TASK DESCRIPTION: Only the text belongs in the copy. Transcribe the data exactly and drop any pictures.

DATA SHOWN:
- - - - -
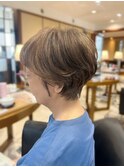 柔らかなショートボブ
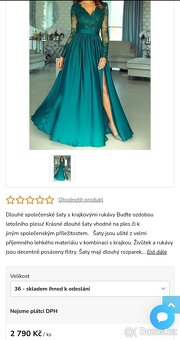 Smaragdově zelené šaty - 5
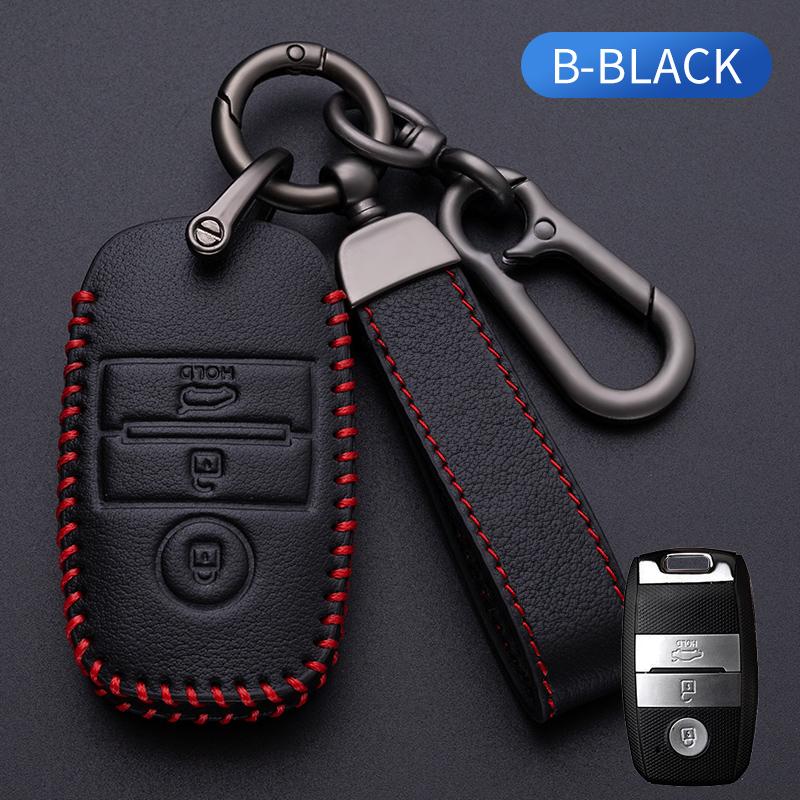 Guscio in Pelle a 3 Pulsanti Per KIA Rio Rio5 Sportage Ceed Cerato K3 KX3 K4 K5 Sorento Optima Picanto Telecomando Auto Custodia Copertura Chiave Intelligente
- - - - -
OUTPUT FOR THIS TASK:
 柔らかなショートボブ
 Smaragdově zelené šaty - 5
 Guscio in Pelle a 3 Pulsanti Per KIA Rio Rio5 Sportage Ceed Cerato K3 KX3 K4 K5 Sorento Optima Picanto Telecomando Auto Custodia Copertura Chiave Intelligente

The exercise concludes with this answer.